= Daliao River =

Lower reach of Liao River

The Daliao River (大辽河 (大遼河, Dàliáohé), "Great Liao River") is a major river system in eastern Liaoning province of Northeast China, and formerly the main distributary of the lower Liao River until 1958. The Daliao River proper is formed from the confluence of three rivers at the border between Anshan's Haicheng city and Panjin's Panshan County, after where it runs a length of 94 km covering a catchment area of 1926 km2, before coursing in meanders southwest and draining into the Liaodong Bay just west of Yingkou.

The principal river of southern Northeast China, the Liao River, historically bifurcates into two distributaries near the Liujianfang Hydrological Station (六间房水文站) at Xinkaihe Town (新开河镇) of Anshan's Tai'an County, forming the Liao River Delta. The eastern (left) distributary, called the Wailiao River, was originally the larger one of the two and the main outlet of lower Liao River. It travelled southwards to pick up two large tributaries, the Hun River and Taizi River, at a confluence locally referred as the "Trident River" (三岔河). After the three rivers merged, the resultant large river then adopted the new name as Daliao River.
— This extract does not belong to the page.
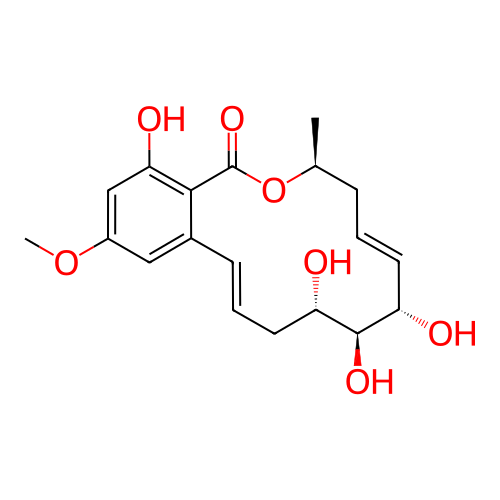 Chemical structure of BindingDB Monomer ID 50347544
However, the low elevation and the flat, waterway-rich (and often rerouting) topography of the Liao River Delta region created a huge problem in flood control. During monsoon seasons the storm surges from the Bohai Sea could go as far inland as the Trident confluence, and when meeting the voluminous upstream water from the Liao River, would frequently exceed the capacity of river channels causing massive spill-over flash floods. This flood risk particularly threatened the cities of Yingkou (which is immediately adjacent to the Daliao River mouth and home to 2 million people) and Haicheng (which has over 1 million residents). In 1958, a river engineering project was conducted, and the upriver of the Wailiao River at the Liao River bifurcation was blocked off, redirecting the Liao River flow entirely towards the Shuangtaizi River (双台子河), the originally smaller western distributary of the river delta. This separated the Wailiao, Hun and Taizi Rivers from Liao River permanently, making the Daliao River an independent river system since 1958.

== Tributaries ==
- Wailiao River (外辽河, "outer Liao River"), was originally the main distributary of Liao River and the principal headwaters of Daliao River, but only an often dry stream channel remains upriver after the 1958 project. However, numerous canals draining the rural area south of Liaozhong between Liao River and Hun River had been rerouted to feed the river, and it does pick up more canals and old tributaries downstream, and winds southwards (serving as a border between Panjin's Panshan County and Anshan's Tai'an County) before draining merely 1.5 km west of the confluence of Hun River and Taizi River. This 1.5 km confluence segment of the three rivers is locally known as the Trident River.
- Hun River (浑河, "muddy river"), historically also known as Little Liao River (小辽水) or Shen River (沈水), was formally the second largest tributary of Liao River. Running 415 km and draining a basin of 11,500 km2, the Hun River has numerous tributaries of its own, 31 of which has catchment area greater than 100 km2. It flows through the most populous area of Liaoning province, including the provincial capital and largest city Shenyang, as well as the 10th largest city Fushun. The river got its current name from the fast flow speed and high sediment load, which leads to its muddy appearance.
The Hun River's headwaters arise from the Qian Mountains, a branch of the Changbai Mountains, where the river is also called Nalu River (纳噜水) or Red River (红河), and flows into the 5437 km3 Dahuofang Reservoir (大伙房水库), which supplies drinking water to the surrounding cities of Shenyang, Fushun, Liaoyang, Anshan, Panjin, Yingkou and Dalian. The river's middle section was also called Shen River, which gave name to the capital city Shenyang to its north, and the lower section is also called Clam River (蛤蜊河).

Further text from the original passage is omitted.